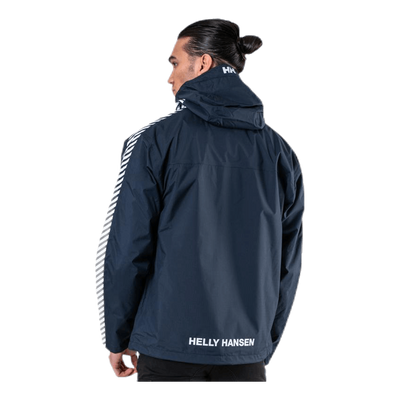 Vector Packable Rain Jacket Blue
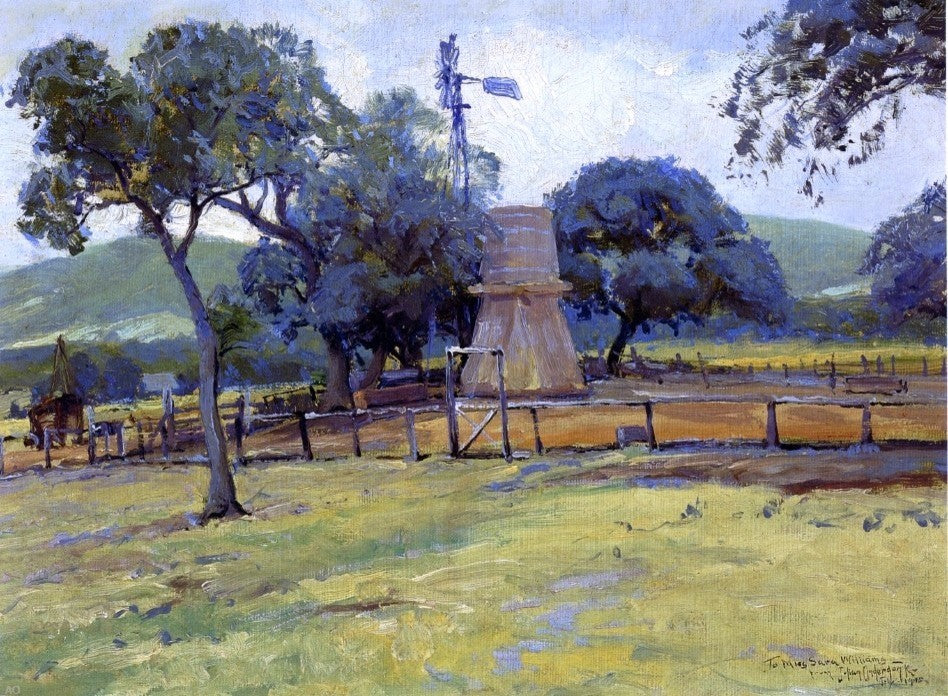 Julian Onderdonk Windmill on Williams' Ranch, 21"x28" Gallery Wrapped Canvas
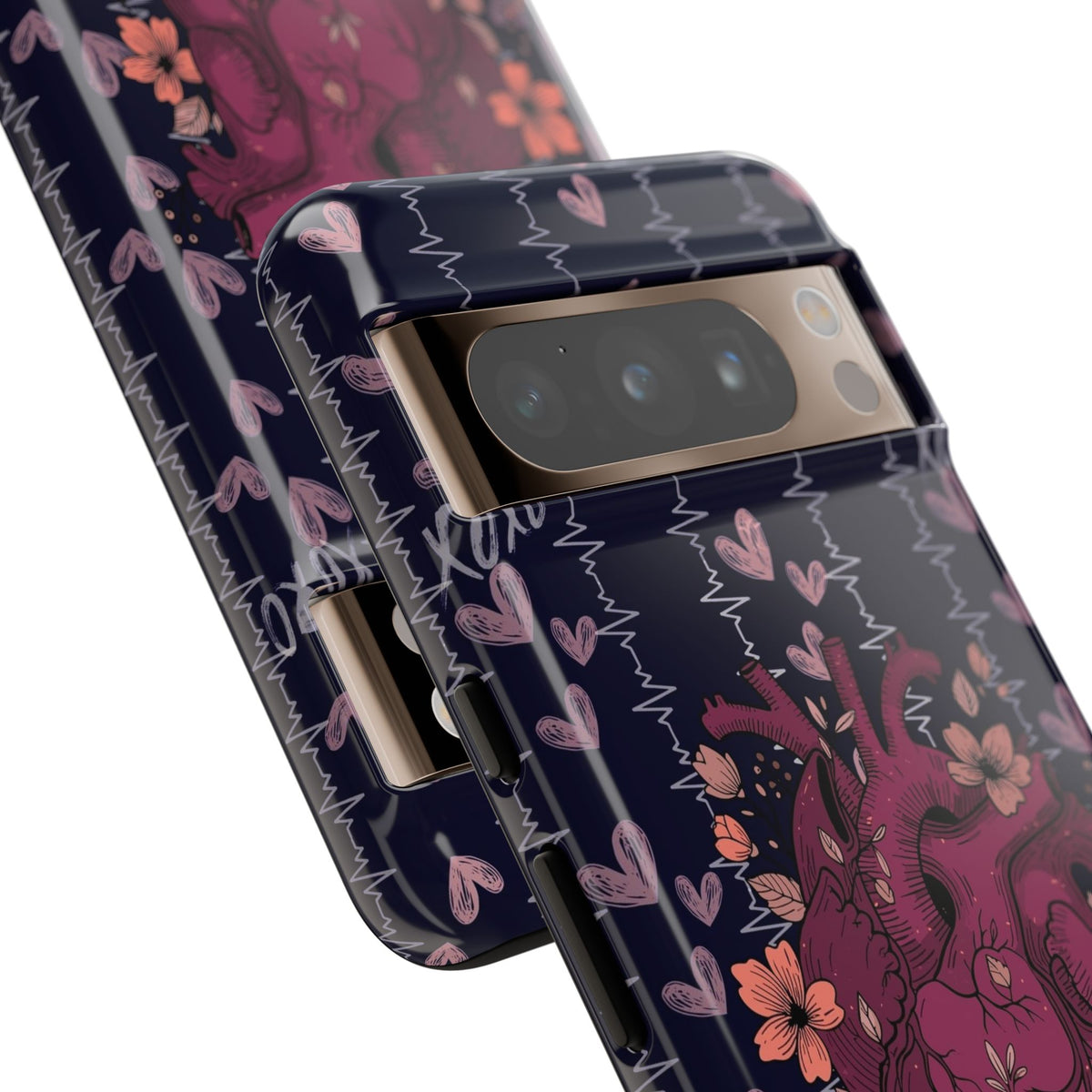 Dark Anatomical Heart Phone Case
_ _ _
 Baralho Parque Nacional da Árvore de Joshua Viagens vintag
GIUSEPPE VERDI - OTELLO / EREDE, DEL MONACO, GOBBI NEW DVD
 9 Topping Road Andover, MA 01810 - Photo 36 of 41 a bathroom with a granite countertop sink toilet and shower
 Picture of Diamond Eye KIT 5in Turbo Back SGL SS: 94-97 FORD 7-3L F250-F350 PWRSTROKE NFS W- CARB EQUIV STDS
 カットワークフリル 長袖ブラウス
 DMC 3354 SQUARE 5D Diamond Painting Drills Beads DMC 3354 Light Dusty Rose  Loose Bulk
_ _ _
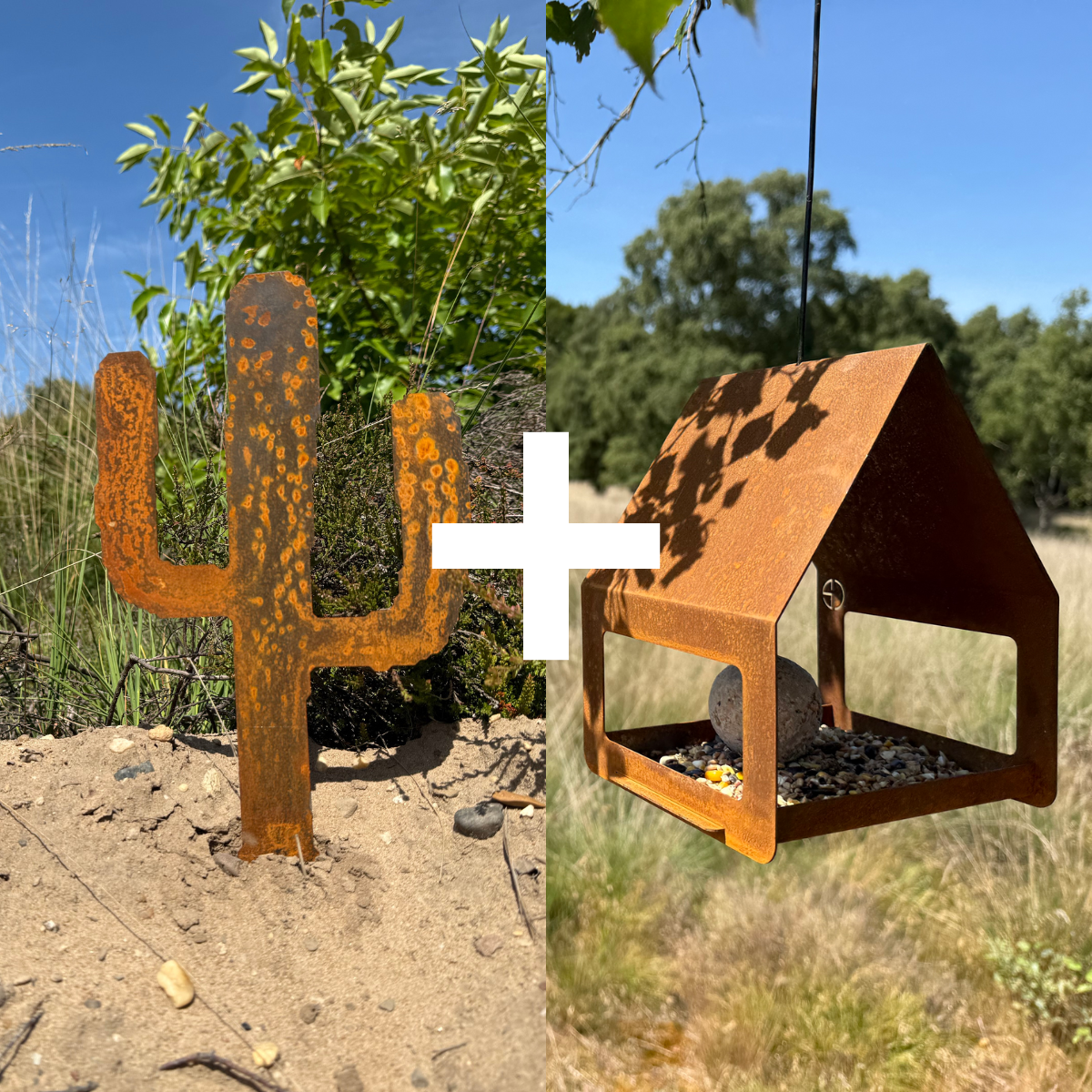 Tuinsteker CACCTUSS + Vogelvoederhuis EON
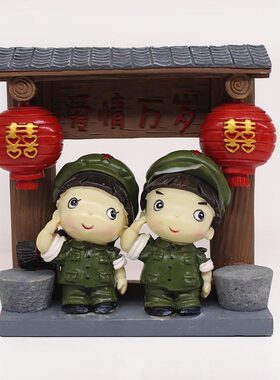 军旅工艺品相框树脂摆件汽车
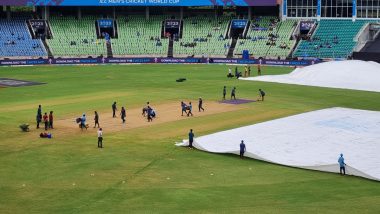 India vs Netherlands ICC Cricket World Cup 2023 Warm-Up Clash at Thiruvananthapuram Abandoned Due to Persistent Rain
_ _ _
The required answer is a single number: how many lines above hold the string "Diamond".

**Written answer:** 2